Quinazoline Program:
In August of 2009, FSMA received FDA Orphan Drug Designation For Quinazoline495, our clinical candidate in this program, for the treatment of SMA. Please click here to read more.Tetracycline Program: One major goal at FSMA is to build a therapeutics pipeline for SMA, which will greatly increase our chances of successfully developing a SMA therapy. In March 2006 we began funding a second drug discovery program at Paratek Pharmaceuticals that focuses on Tetracycline-like compounds that correct SMN2 splicing. This project takes a different approach to increasing SMN levels than our Quinazoline program described above. Using funding from FSMA to generate the preliminary data for a NIH grant application, Paratek has been awarded a multi-million dollar cooperative agreement from the NINDS to continue the research that FSMA funded for the past 3 years.

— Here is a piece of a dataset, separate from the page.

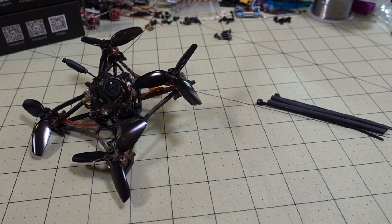Okay, so this is going to be a quick video on how to properly secure your antennas for those of you guys that have the Larva-X with the Crossfire receiver.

Click here to read more about this award.
Drug Development Process:
The drug development process is a long multi-stepped process, as described in the two figures below. The initial phase when the drug is being generated is called preclinical drug discovery. The second stage when the drug is being tested in humans in called the development phase. The process typically takes 10 to 15 years from start to finish, although for an orphan disease like SMA certain steps in the process can sometimes be streamlined.
Building a Drug Pipeline:
A “drug pipeline” is a way of saying that we need multiple drug candidates moving forward at the same time. Because so many drugs fail when going through the different phases of drug development, it is important to have new ones always coming up for consideration. With a drug pipeline, when one drug candidate drops out, another one will always be there. As the figure below illustrates, drug development is a long-term multi-step process with substantial risk. Continuing to build our drug pipeline is critical as just 10% of drugs entering phase I clinical trials ever receive FDA approval -- we must continue to take as many shots on goal as possible to find a safe and effective treatment and cure for SMA!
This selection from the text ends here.